### Try it
Transcribe only the lines of the listing below from the one holding "9645 Lee St, Upper Lake, CA 95485 - Photo 7" through the one holding "Kasus Atas Nama", inclusive, without any change.

### Working data
________________________________________
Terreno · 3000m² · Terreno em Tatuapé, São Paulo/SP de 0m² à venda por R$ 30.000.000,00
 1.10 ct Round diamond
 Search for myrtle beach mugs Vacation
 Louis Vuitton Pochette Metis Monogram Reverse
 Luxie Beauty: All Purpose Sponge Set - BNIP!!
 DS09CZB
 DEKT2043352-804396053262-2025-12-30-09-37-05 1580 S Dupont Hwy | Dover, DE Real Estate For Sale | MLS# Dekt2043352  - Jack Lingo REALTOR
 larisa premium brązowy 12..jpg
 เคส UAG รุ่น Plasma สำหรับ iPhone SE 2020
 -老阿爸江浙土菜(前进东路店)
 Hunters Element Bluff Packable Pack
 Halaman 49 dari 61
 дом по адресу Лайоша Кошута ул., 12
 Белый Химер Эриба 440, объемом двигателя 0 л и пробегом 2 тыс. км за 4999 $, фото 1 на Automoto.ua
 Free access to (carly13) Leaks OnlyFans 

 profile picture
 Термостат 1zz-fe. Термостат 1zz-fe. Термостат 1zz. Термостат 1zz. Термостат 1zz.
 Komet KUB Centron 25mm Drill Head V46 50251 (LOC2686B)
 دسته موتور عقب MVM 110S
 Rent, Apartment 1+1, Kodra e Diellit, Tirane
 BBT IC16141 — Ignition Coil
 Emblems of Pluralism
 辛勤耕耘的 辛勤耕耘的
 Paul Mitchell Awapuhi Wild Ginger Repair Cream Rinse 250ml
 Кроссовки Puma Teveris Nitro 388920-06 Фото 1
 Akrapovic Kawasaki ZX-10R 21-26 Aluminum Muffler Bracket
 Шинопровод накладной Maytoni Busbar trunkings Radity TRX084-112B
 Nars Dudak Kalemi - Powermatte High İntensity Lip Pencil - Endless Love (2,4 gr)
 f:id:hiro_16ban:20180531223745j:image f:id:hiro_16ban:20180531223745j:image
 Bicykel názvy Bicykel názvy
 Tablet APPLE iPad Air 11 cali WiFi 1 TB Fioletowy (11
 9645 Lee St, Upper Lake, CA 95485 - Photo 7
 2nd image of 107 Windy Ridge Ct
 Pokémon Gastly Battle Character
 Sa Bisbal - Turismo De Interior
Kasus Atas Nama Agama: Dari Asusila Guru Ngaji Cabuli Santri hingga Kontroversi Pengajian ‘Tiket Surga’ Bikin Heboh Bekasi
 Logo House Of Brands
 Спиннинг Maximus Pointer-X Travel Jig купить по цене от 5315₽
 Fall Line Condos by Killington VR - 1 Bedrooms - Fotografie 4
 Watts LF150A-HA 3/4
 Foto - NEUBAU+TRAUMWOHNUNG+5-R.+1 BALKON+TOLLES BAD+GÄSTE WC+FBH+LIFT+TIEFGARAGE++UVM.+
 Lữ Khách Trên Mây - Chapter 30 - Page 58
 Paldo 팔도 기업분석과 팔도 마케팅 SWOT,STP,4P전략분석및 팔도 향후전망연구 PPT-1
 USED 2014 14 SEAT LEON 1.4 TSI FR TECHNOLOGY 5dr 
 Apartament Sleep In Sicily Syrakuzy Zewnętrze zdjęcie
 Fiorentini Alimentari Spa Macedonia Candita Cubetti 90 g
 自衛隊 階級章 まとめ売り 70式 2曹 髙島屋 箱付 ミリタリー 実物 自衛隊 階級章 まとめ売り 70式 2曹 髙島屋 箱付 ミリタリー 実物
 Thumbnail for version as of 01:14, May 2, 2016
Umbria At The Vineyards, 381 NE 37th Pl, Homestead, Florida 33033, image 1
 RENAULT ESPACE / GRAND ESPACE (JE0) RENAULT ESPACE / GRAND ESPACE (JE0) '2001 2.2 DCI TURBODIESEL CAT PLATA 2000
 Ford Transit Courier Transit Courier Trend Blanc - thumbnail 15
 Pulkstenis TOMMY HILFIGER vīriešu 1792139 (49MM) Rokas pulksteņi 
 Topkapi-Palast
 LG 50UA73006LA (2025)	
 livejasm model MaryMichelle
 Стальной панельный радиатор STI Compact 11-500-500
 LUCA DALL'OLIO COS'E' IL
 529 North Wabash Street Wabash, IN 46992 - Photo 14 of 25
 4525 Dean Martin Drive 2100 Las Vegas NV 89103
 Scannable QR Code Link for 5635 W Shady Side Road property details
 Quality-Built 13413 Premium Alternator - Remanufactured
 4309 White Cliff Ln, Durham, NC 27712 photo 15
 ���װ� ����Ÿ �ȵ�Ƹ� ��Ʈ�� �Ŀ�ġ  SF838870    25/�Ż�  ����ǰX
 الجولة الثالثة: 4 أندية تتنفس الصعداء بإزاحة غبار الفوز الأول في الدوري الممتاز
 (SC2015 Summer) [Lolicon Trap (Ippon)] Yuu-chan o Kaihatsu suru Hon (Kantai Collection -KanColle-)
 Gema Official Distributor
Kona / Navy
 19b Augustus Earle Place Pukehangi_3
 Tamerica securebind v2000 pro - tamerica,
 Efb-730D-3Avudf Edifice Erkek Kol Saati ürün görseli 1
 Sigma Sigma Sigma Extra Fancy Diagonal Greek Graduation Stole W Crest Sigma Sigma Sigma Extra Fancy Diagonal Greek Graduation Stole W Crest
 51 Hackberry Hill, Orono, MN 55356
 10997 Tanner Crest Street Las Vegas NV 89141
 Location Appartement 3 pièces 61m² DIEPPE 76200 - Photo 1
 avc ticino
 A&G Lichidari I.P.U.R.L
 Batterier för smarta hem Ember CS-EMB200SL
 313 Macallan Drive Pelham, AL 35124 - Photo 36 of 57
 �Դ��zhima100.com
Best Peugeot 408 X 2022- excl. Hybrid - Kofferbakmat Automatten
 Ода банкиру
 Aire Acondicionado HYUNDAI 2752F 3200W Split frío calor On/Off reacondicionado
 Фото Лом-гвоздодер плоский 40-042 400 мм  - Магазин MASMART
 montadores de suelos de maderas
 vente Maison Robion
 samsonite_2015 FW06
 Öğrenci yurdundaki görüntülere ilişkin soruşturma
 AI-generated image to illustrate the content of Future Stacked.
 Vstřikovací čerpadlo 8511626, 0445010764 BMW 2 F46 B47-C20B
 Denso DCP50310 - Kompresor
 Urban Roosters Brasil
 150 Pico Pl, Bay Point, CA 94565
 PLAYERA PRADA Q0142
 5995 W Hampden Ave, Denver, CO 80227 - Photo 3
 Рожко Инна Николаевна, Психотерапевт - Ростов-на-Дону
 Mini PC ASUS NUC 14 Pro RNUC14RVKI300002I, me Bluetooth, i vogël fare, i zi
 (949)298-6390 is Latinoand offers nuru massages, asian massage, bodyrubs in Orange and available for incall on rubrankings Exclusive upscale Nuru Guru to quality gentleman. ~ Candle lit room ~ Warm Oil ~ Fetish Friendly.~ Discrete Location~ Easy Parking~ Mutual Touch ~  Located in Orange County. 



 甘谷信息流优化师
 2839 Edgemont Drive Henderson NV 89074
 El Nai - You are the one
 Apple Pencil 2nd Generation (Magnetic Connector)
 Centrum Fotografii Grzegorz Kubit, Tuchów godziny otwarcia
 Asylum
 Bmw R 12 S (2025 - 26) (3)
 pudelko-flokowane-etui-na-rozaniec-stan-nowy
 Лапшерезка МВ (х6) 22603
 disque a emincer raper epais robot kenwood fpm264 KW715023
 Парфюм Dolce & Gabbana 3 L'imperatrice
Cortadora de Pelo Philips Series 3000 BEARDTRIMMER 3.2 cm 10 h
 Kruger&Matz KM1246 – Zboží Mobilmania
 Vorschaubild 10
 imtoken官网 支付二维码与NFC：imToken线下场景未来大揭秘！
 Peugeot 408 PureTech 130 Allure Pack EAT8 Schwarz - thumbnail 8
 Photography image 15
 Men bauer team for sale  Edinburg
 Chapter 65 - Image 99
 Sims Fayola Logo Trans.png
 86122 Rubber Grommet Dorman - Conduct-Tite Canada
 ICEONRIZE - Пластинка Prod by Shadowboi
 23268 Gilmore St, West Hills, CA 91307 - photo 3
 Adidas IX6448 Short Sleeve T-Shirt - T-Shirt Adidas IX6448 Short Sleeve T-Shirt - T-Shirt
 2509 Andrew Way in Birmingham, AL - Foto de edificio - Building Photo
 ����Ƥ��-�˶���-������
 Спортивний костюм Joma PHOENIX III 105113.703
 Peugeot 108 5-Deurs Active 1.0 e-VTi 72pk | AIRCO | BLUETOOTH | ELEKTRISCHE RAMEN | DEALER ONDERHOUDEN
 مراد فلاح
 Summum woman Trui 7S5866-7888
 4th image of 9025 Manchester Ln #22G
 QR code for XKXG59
________________________________________
### Solution for this exercise
 9645 Lee St, Upper Lake, CA 95485 - Photo 7
 2nd image of 107 Windy Ridge Ct
 Pokémon Gastly Battle Character
 Sa Bisbal - Turismo De Interior
Kasus Atas Nama Agama: Dari Asusila Guru Ngaji Cabuli Santri hingga Kontroversi Pengajian ‘Tiket Surga’ Bikin Heboh Bekasi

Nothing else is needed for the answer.